The cause of working-class misery is private ownership of the means of life. The interests of the workers, who do not own the means of life, are opposed to the interests of the capitalists, who do own them. This clash of interests is the class struggle. These things continue because the working class are unaware.

 

Although their interests continually clash with those of their masters, they do not understand that this is inevitable. Nor do they understand that their masters' ownership of the means of life is at the bottom of the trouble.

 

Now why, with this continual conflict of interest, do the working class remain ignorant? And why are they so desperately apathetic? Is their ignorance not because the truth has not been told? And is their apathy not born largely of disappointment with the results of past efforts of their class to secure some amelioration of their condition?


We need not enquire for the moment into the honesty of working-class teachers and leaders. We need only deal with the teaching and leading.

The school instruction of the working class is not such as would enable the child to get a glimmering of the truth of the position. It would be surprising if the capitalist class, dominant in the legislature (because dominance there is essential to the maintenance of their economic ascendancy) should take steps to instruct the children of the working class concerning working-class poverty. So we will consider the teaching and leading the workers receive alter they have entered the industrial and political arenas.


Now do the majority of working-class teachers explain that the working-class position is inevitable under present conditions? That there is no name given under heaven whereby the working class may be saved except socialism? That until socialism there can be no cessation of the clash of interests between capital and labour? That the class struggle persists unflaggingly? 

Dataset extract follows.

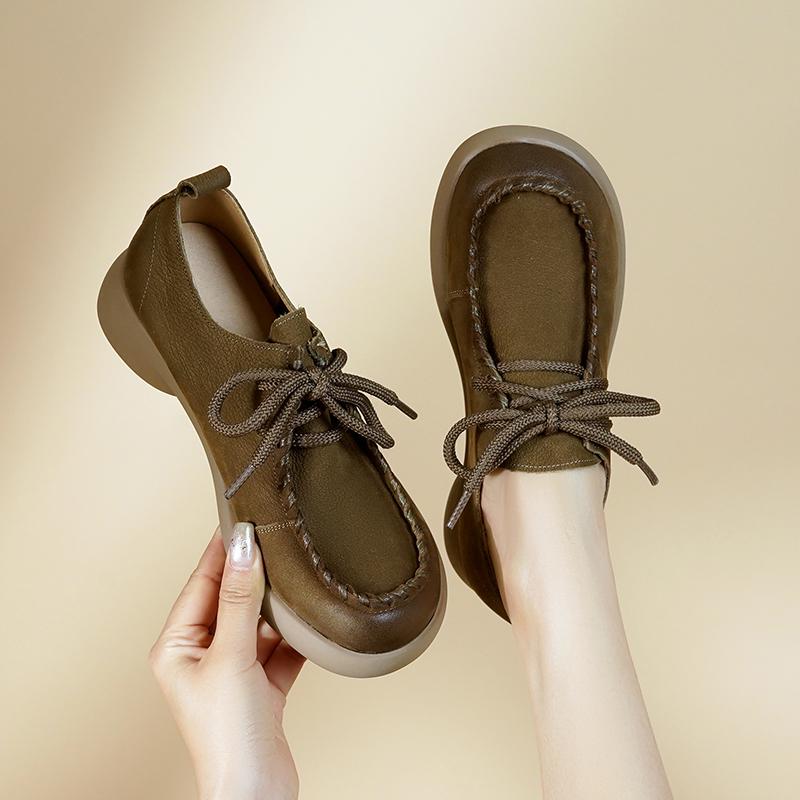 Fashion AIYUQI Women Shoes Retro 2025 Season New Genuine Leather Lace-up Shoes Ladies British Style Large Size Women's Spring Shoes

Leave out of account those who do not claim to be socialists. If socialism is the only remedy, and they are not socialists, their teaching cannot be correct because they do not teach socialism. 

 

What of those who profess socialism? Our answer is that although they talk of it occasionally, they do not teach it.


The important thing in a teacher of socialism is that it should always be socialism that he or she teaches. If one does not explain every manifestation of class conflict in the light of  socialist philosophy, one will be  little, if any, better than the non-socialist mis-leader. The teaching is neither logical nor consistent. One is either a fraud or a fool. 

 

These be hard words but they are not bitter. Working class ignorance and apathy which must be dispelled before socialism can be realised, so far from being effectively combated by working-class leaders and teachers are contributed to by most of them. For example, if we were to tell the unemployed that unemployment must last as long as capitalism and were then to recommend them to send a deputation to the representatives of the capitalists to ask that the capitalists should abolish unemployment, we should either be a knave or a fool. We should have cut ourselves off from logic and landed the audience in a bog of confusion and disappointment. We argue that capitalist representatives are in control of the political machinery to conserve their own interests as against those of the working class and that we must regard capitalist representatives always as a hostile force against whom war must be waged unceasingly until they are utterly vanquished.  And if we suspend hostilities and enter into alliance with them, we land in the bog of confusion and disappointment.


If we assume that poverty and misery must last till socialism, that until socialism nothing can materially or permanently affect the position; if we say that palliatives are therefore of little use, so little use indeed that we must have a party that shall concentrate upon the thing that matters (socialism) rather than the things that do not matter (palliatives); and assure that our organisation, founded because palliatives were not good enough, shall not concentrate working-class effort upon the realisation of snake-oil cure and engulf fellow-workers in the pit of impotence and despair.